And so the rehearsal process began, and Carol moved into a New York apartment with Jerome Robbins and Buzz Miller, striking up a lifelong friendship with Miller. Much has been written on the creative process of 'Steam Heat', and the following is a melange of stories from several books:

Bob Fosse had devised a long ballet to open the second act of the show, but George Abbott did not like what Fosse had in mind. Abbott had in mind some sort of an amateur show that three kids from the factory could put on during a union rally. Fosse went back to the song writers, Adler and Ross, and asked them if he could hear a suitable song from their catalogue. Adler, who was one of the song writing team on their first Broadway assignment, replied that they did not have a catalogue, but did have a song in mind. He did not like it very much though- Adler had written it in his bathroom! The song was inspired by the noises of the radiator. Fosse loved it, and "Steam Heat" was thus born.

Buzz Miller, one of the dancers in the show, and also one of Broadway's best jazz dancers, remembers the rehearsal process: "When it [the initial choreography of Steam Heat] was finished... he [Fosse] threw about a million steps at us, and Carol [Haney], who was Bob's link, would pick them up like a magnet. He'd show us something and Carol would go 'uh-uh', meaning she hated it, or 'ah-ha'!- it works!".

It was evident that Carol's years as an assistant, learning steps quickly then teaching them to others had paid off, and her talent at that was valued.

Shirley Maclaine, a chorus girl in the show at the time, wrote a useful section on the making of this show in her autobiography of her Hollywood career, and her admiration for Carol's skill, enthusiasm, stamina, body strength, understanding of comedic movement and talent is evident throughout the passages. On the making of the show, Maclaine recalled that Bob Fosse forced the three dancers (Carol, Buzz Miller and Peter Gennaro) to rehearse the hat tricks in the basement of St. James theatre until around two or three in the morning, until the tricks were second nature to them. The product, a comical dance that requires superior control, co-ordination, disipline, and strength in the dancers' lower and upper bodies, containing "deep, dragging lunge-falls coming up to pixue, gamine-like poses", was a show stopper and is now always part of Fosse retrospectives.

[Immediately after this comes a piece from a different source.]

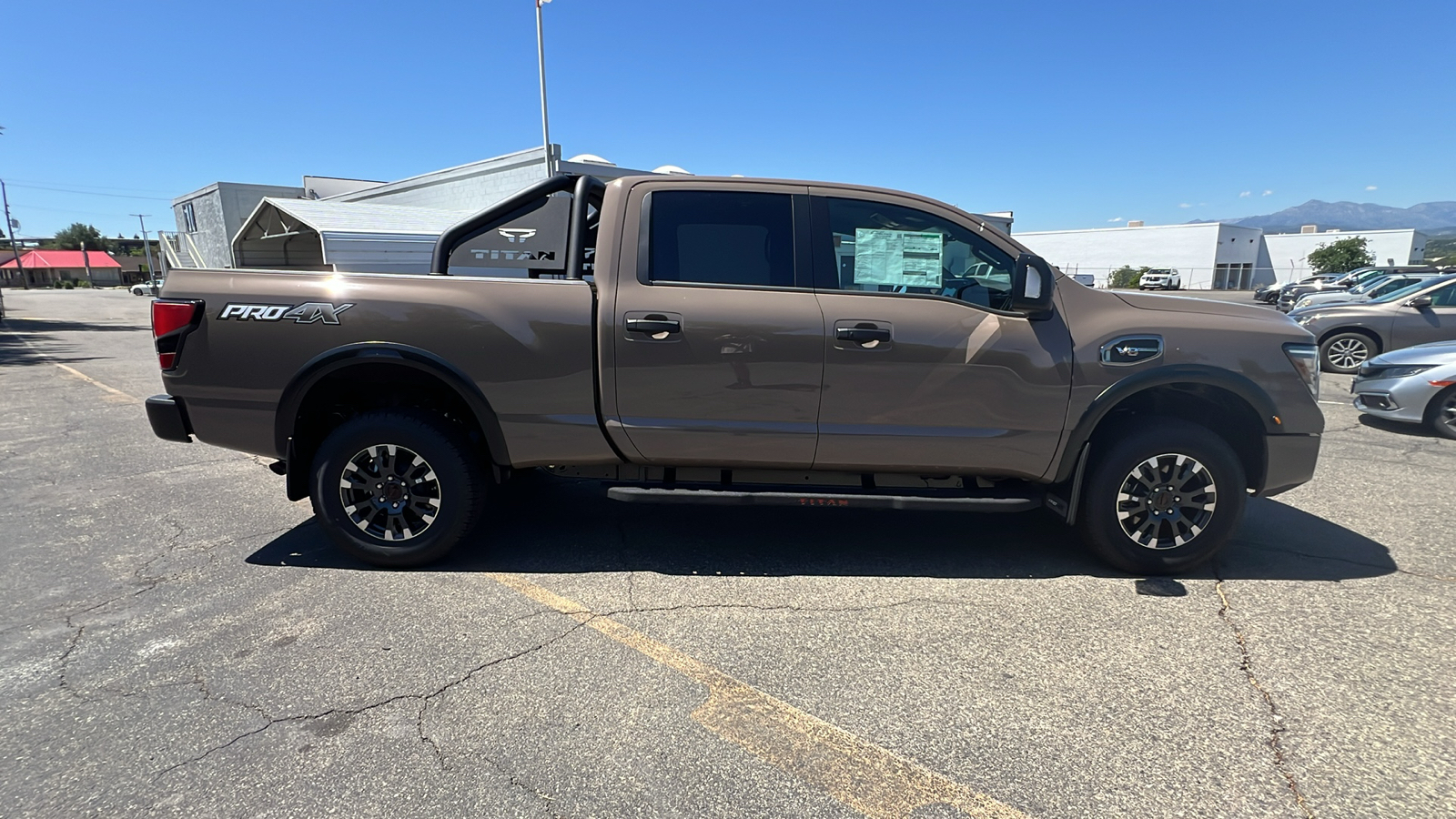 2024 Nissan Titan XD PRO-4X 3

"We had four leads. Carol Haney came in for a dancing role, but once we were in rehearsal, a principal speaking role was combined with her dancing, and then everything soared."Harold Prince

Later in the journey, the role of Gladys was morphed into what we know today is in part because of Carol Haney's talent.

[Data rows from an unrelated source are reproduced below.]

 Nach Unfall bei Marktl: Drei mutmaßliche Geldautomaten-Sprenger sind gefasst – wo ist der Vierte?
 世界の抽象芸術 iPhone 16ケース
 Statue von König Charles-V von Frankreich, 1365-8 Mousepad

Another actress, Charlotte Rae, had been playing the part of Gladys. She had been playing the comedic role too broadly in the previews and the audiences did not laugh at the right places. The audience, however, did laugh at Carol. George Abbott, who had fallen in love with Carol's talent and saw in her a comic ability, fired Rae, and cut and pasted Rae's part with Carol's. As a result, the part of Gladys Hotchkiss, Hasler's secretary- complete with three dance numbers and an eyecatching comic presence was born. Janis Paige, foreseeing the potential of the part, threatened to quit the show. "She is going to steal the show" Paige said. So one night, John Raitt and Eddie Foy Jr took Paige out to dinner to calm her down and said to her, "Our names are up there on the banner, we are expected to be good, but America loves to discover new talent". The expectation was not unfulfilled when the show opened on Broadway. Both the critics and the audiences took to Carol and she finally became famous in what she wanted to do in the first place- performing. This passage from gottfried is a perfect description of what had happened to Carol:

She had gotten the best reviews, the kind that star careers were made of; she was the discovery of the season, and everyone was predicting a brilliant future for her.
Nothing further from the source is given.